The article titled “IoT and machine learning models for multivariate very short‐term time series solar power forecasting,” published in IET Wireless Sensor Systems, explores the integration of the Internet of Things (IoT) with advanced machine learning models to improve solar irradiance prediction. This study employs long short-term memory (LSTM) and bi-directional LSTM (Bi-LSTM) models, leveraging LoRa technology for efficient data transmission. The focus is on enhancing the accuracy of very short-term solar irradiance forecasts, crucial for optimizing solar power systems.
Advanced Forecasting Techniques
Fluctuations in solar energy generation often result from variable weather conditions. To address this, the study emphasizes the need for precise very short-term solar irradiance (SI) predictions. Utilizing multivariate time series datasets, the authors improve SI predictions by employing sophisticated machine learning algorithms. The integration of IoT with these forecasting methods represents a novel approach, potentially transforming solar power management.
The research employs LoRa technology, known for its low-cost, low-power, and long-range wireless communication capabilities. This technology facilitates the creation of expansive and efficient control networks, essential for real-time data collection and processing in solar power systems. The study’s focus on long short-term memory (LSTM) and bi-directional long short-term memory (Bi-LSTM) models underscores the capability of these techniques in handling complex time series data efficiently.
Evaluation and Performance
The performance of the SI forecasts is evaluated using metrics such as root mean square error (RMSE) and mean absolute error (MAE), considering meteorological and sky image data. The bidirectional nature of the Bi-LSTM model allows it to incorporate future data during the training phase, enhancing its predictive accuracy. This feature is particularly beneficial for scenarios requiring rapid adaptation to changing environmental conditions, making Bi-LSTM a suitable choice for short-term SI predictions.
Compared to previous studies, which primarily focused on unidirectional LSTM models and traditional data sources, this research offers a more holistic approach by incorporating bidirectional processing and IoT technology. The previous research did not typically leverage the benefits of LoRa technology for data transmission, highlighting this study’s innovative nature. Furthermore, earlier methods often suffered from higher error rates and less efficient handling of real-time data fluctuations, whereas the current study demonstrates improved accuracy and adaptability.
Additionally, past studies largely relied on meteorological data alone, without integrating diverse data sources like sky images. The inclusion of such data in the current study provides a more comprehensive dataset for training the models, thereby enhancing forecast reliability. The combination of advanced machine learning models with IoT frameworks presents a significant development over previous methodologies, offering more robust and reliable solar power forecasting solutions.
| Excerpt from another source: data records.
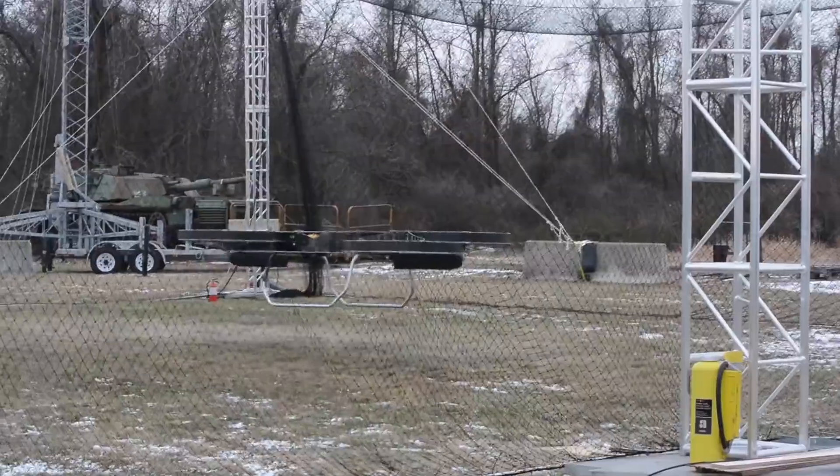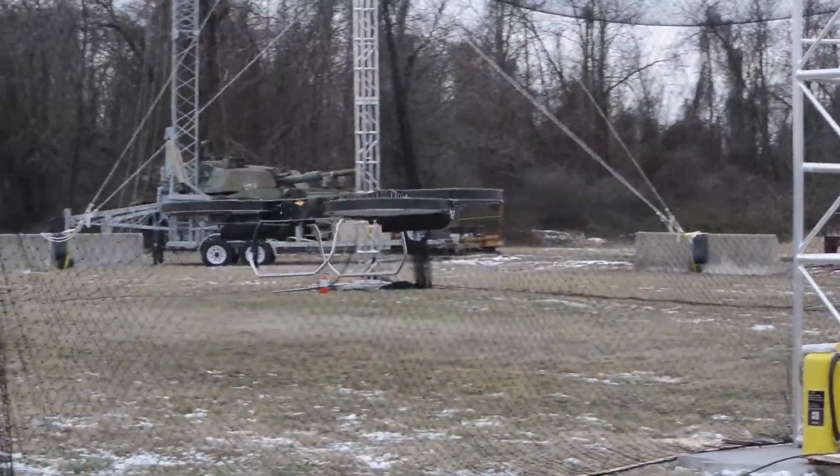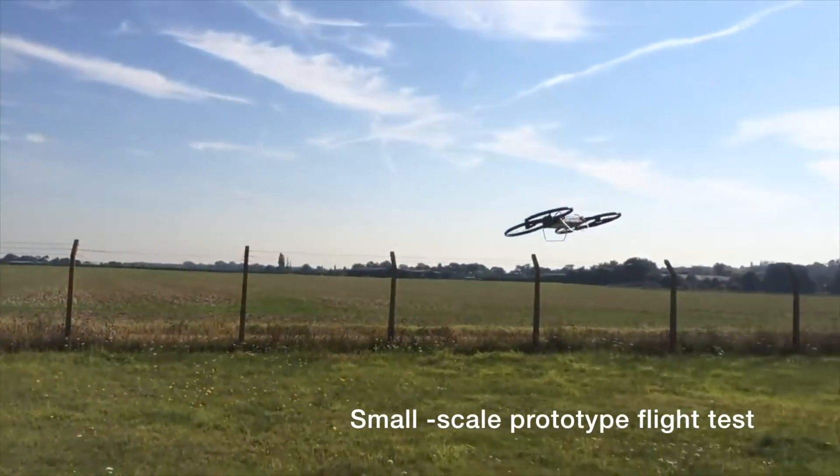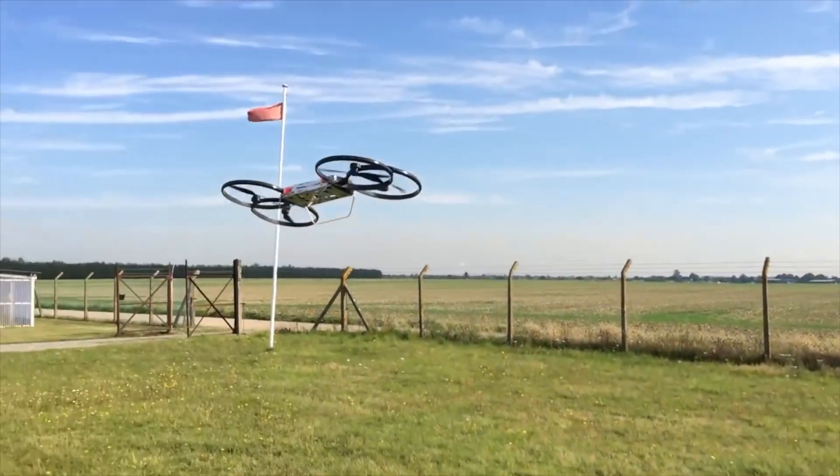With a payload capacity of up to 300 pounds, the vehicle could provide vital resupply at short distances. Army researchers envision a future J-TARF flying low to the ground or at thousands of feet, at speeds of 60 miles per hour or more.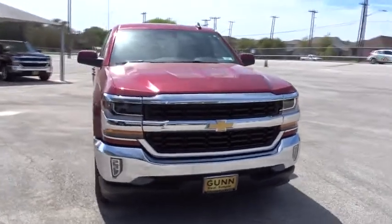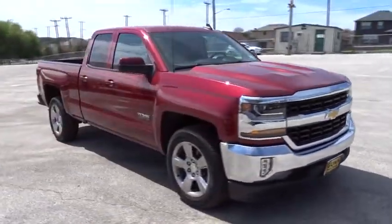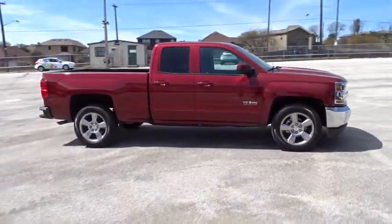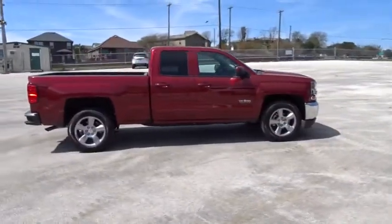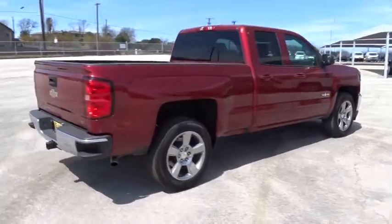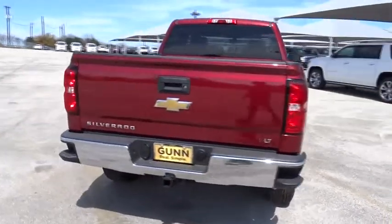The 2018 Chevrolet Silverado 1500. The Chevy Silverado 1500 is the perfect combination of functionality, reliability, and technology. The impressive interior is simply another reason that the Chevy Silverado is a top choice among truck buyers.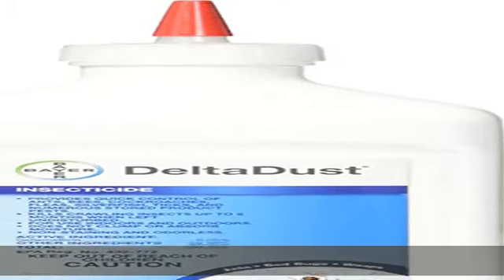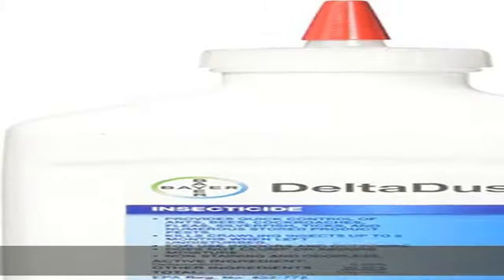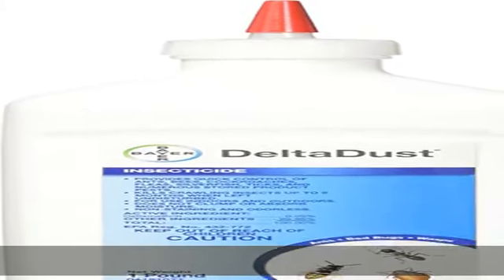About this item: Delta Dust Bed Bug Insecticide, 1 pound. 1 pound of Delta Dust covers about 2,000 square feet. Target pests include ants and bed bugs,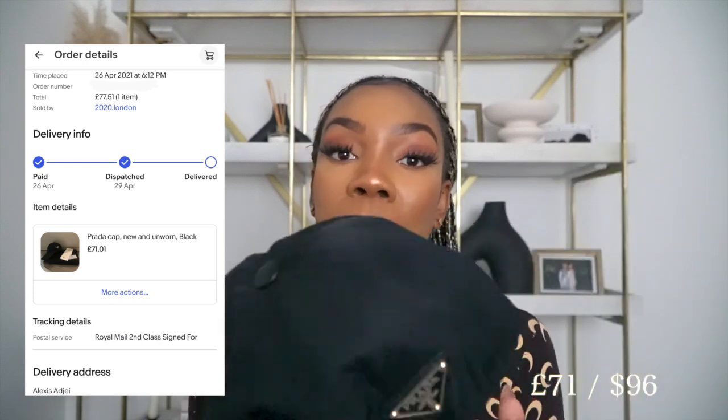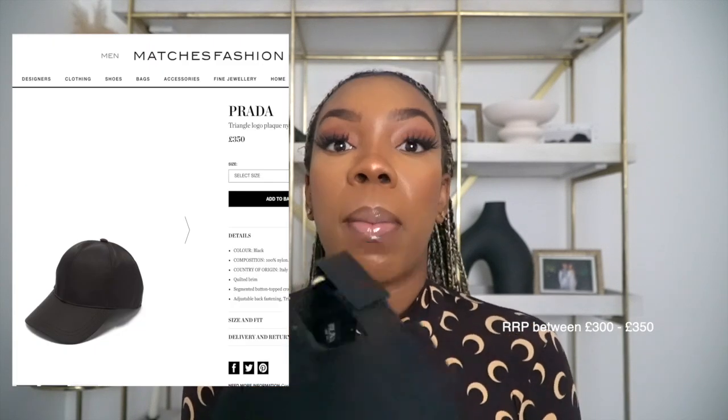Next up on my list of luxury items I've won from eBay is this Prada baseball cap. I wanted a branded baseball cap for a while and I saw this one on eBay. It's a dark navy black, nylon material — the famous Prada nylon — and it just works on casual days like nursery runs. I won this on eBay for £71. I actually placed a bid and won it for £71. This cap retails in the £250 range, so I saved quite a bit of money, and it was brand new.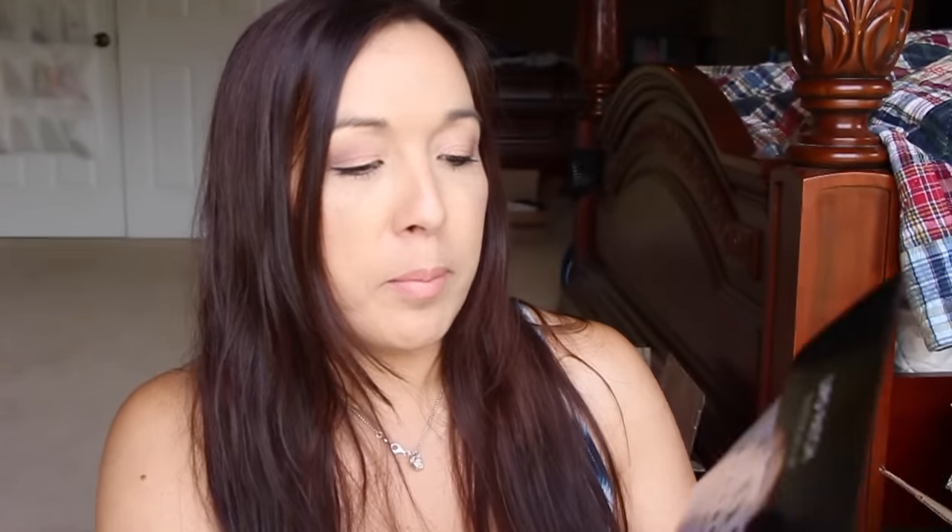It is a lipo patch for your butt. That's right — you just slap it right on. It's supposed to be really comfortable. I didn't use it yet — I'm going to use it tonight maybe. My daughter's been so sick I haven't been sleeping or thinking.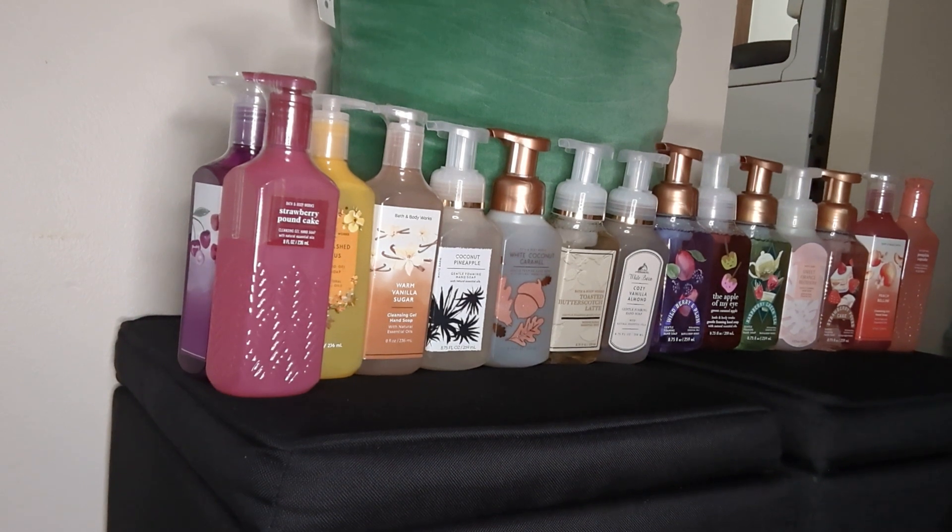I kept going back and forth — did I want to get body care or hand soap? I decided the hand soap with the $3.50 deal was better to do with that coupon, especially since I didn't get any of the 75% off hand soaps. Those seemed to last only one day. With the coupon and free shipping — $35 off — it brought all 15 hand soaps down to $2.50 each, and the total came out to $28 and some change. I was like, yes! I can't beat that for Bath and Body Works hand soap.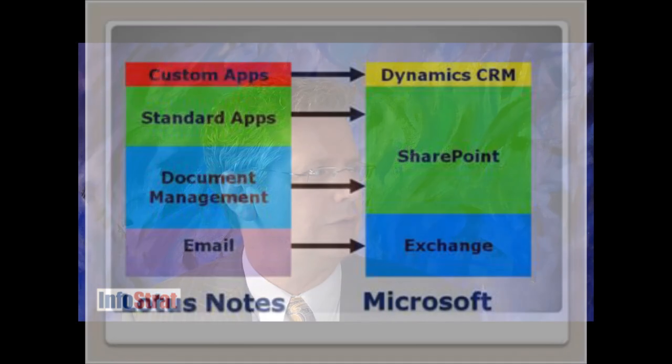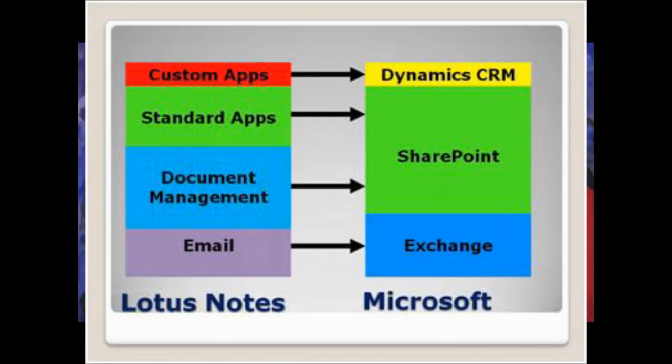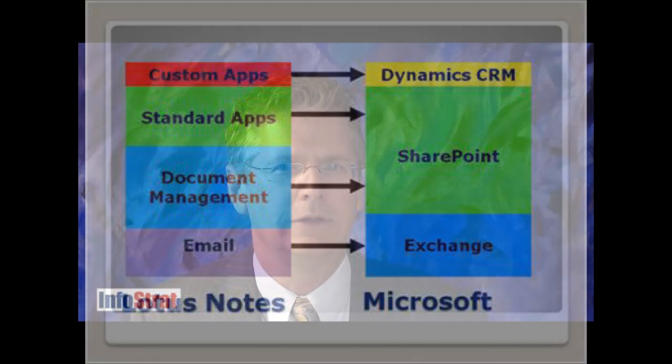The most challenging area is for line of business applications that have grown up over the years. These are custom applications that people have created in Lotus Notes. And for those solutions, Dynamics CRM is a great fit. It gives you the ability to handle structured data, more complicated data models, relational data, to build reporting into it and aggregation that's not that easy to do with Lotus Notes or with SharePoint for that matter.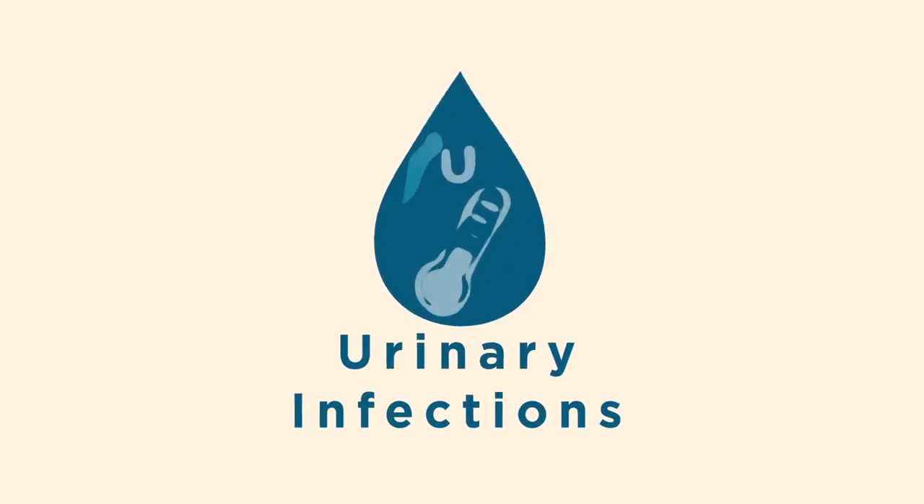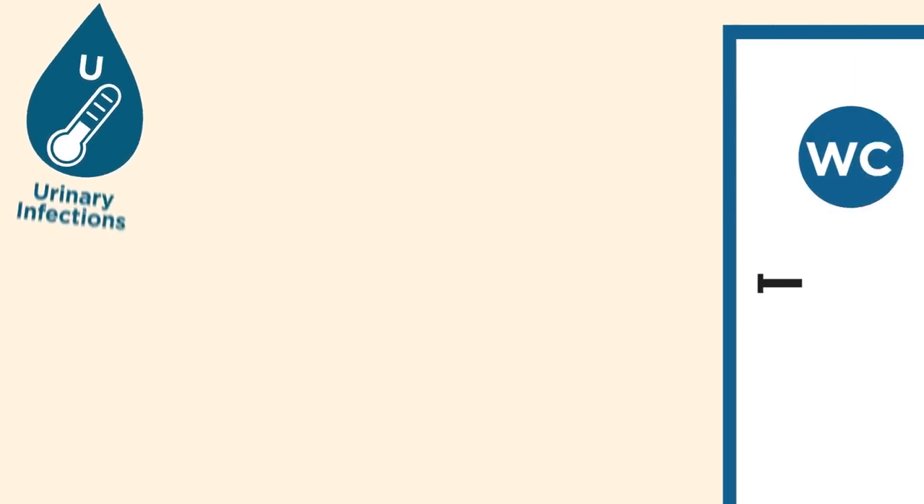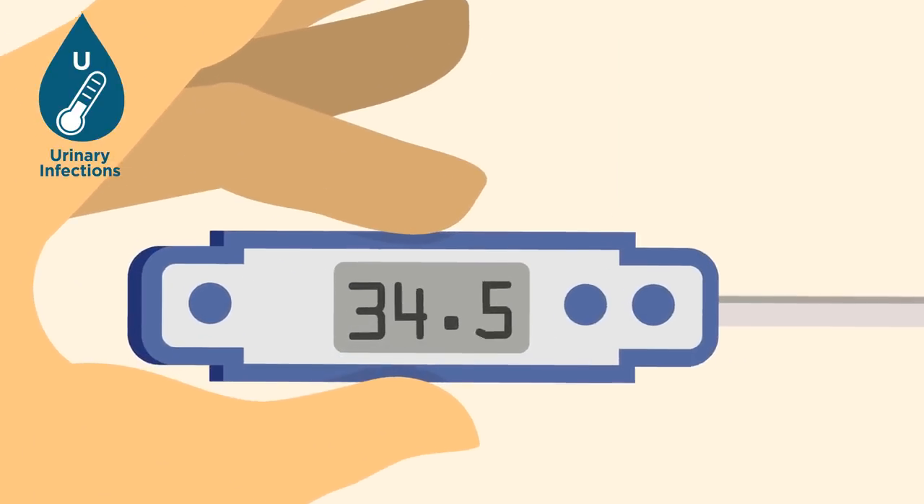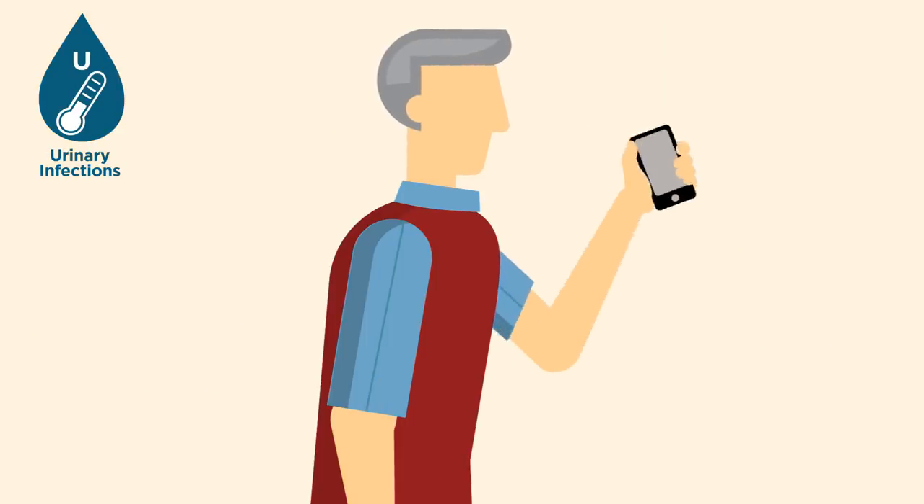Urinary and other infections — be aware of any changes to your bladder habits or feeling unwell. Seek treatment if this occurs.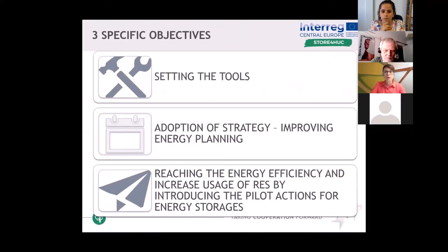Therefore, we set three specific objectives to overcome these obstacles. The first objective is setting the tools for planning and online operation of energy storage systems investments in historical urban centers.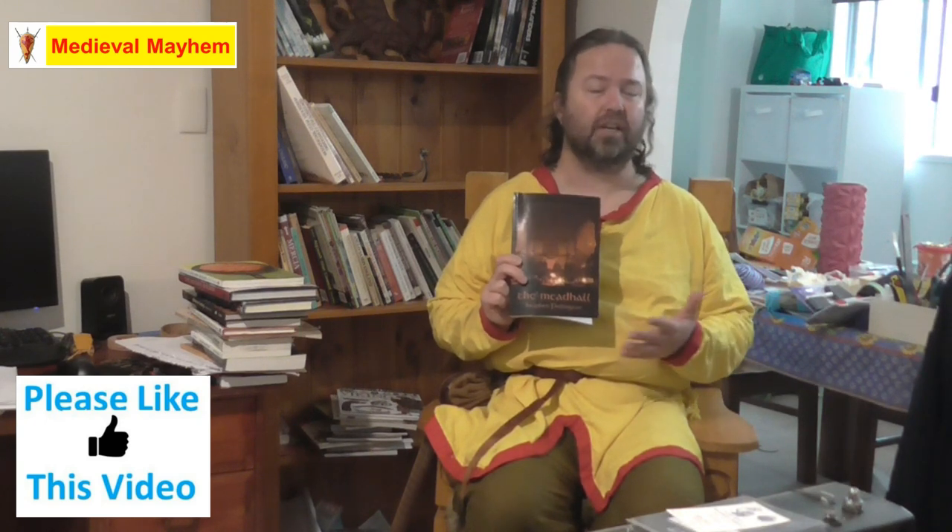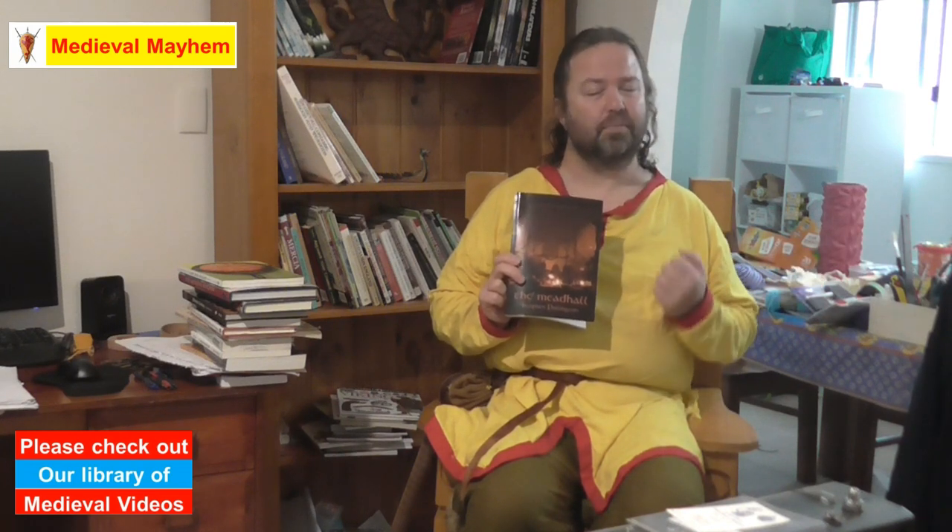The Mead Hall by Stephen Pollington. This is less of a recipe book per se, much more of a book about the culture of food. Food plays such a massive role in all human culture — it's part of the platform through which we share so many of our experiences with friends, family, and associates. Really good book to read, I think it's a great resource. Definitely recommend it.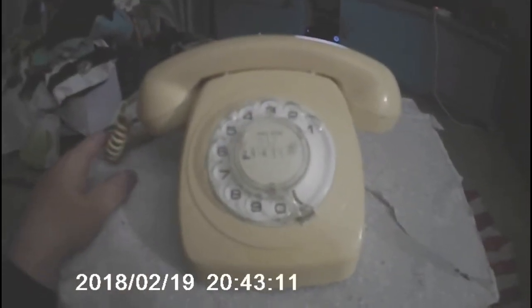Here's part two of my Telecom Australia 802, built in 1982. I got this for $25 at the North Geelong Vintage Market, and it came with an original dial card saying 052-29-1439 — and that's not my number.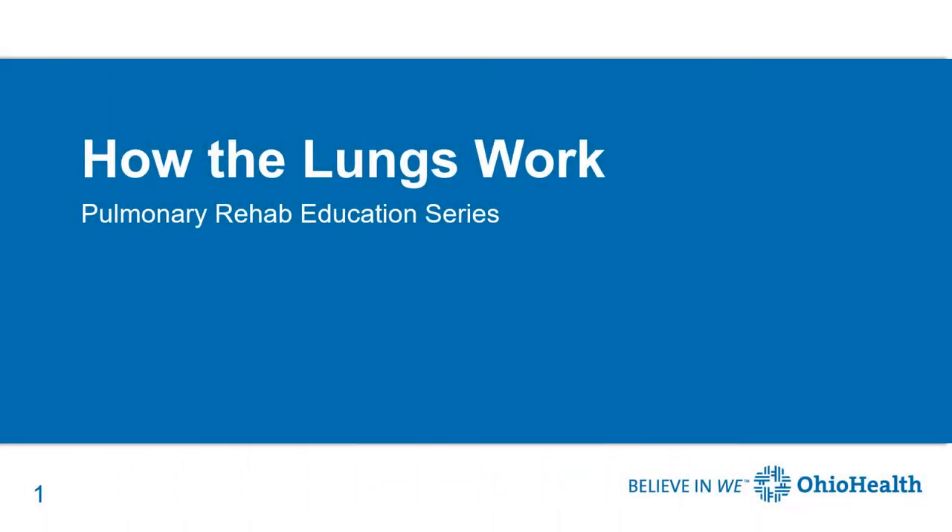Hello, my name is Stacey Bidwell and I'm a respiratory therapist with the Ohio Health Pulmonary Rehabilitation Program. In this presentation we will be talking about how the lungs work.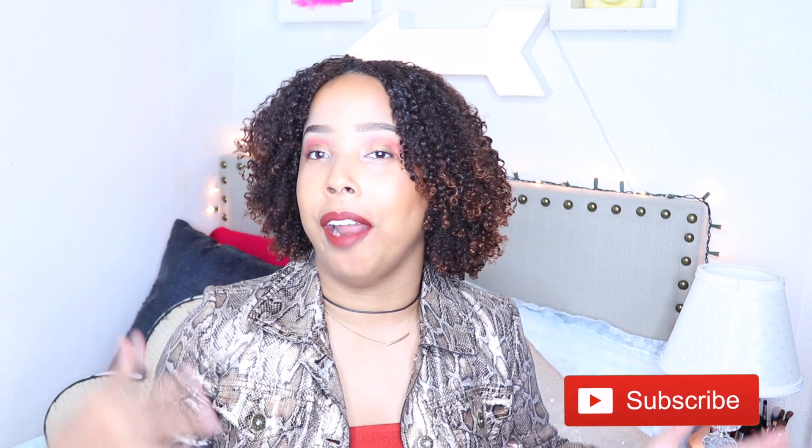Hi guys! Welcome to my channel. My name is Jasmine and in today's video I wanted to do an update and length check video. I've done two of these videos so far. If you guys are interested in checking those out, I'll leave them up here in the cards for you guys to look back and see how far I've come.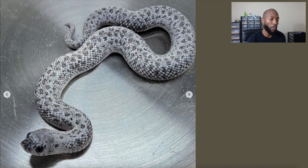Here's another picture after it has shed out. As you can see, just a really unique super arctic hognose. I really don't think we know exactly what genetically is going on with it.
In summary, integrating IoT technology with advanced AI models like LSTM and Bi-LSTM for solar irradiance forecasting presents a significant advancement in solar power management. The use of LoRa technology enhances data transmission efficiency, while multivariate datasets improve prediction accuracy. This study’s comparative advantages over previous methods include reduced error rates and better handling of real-time data, suggesting a promising future for IoT and AI in renewable energy applications.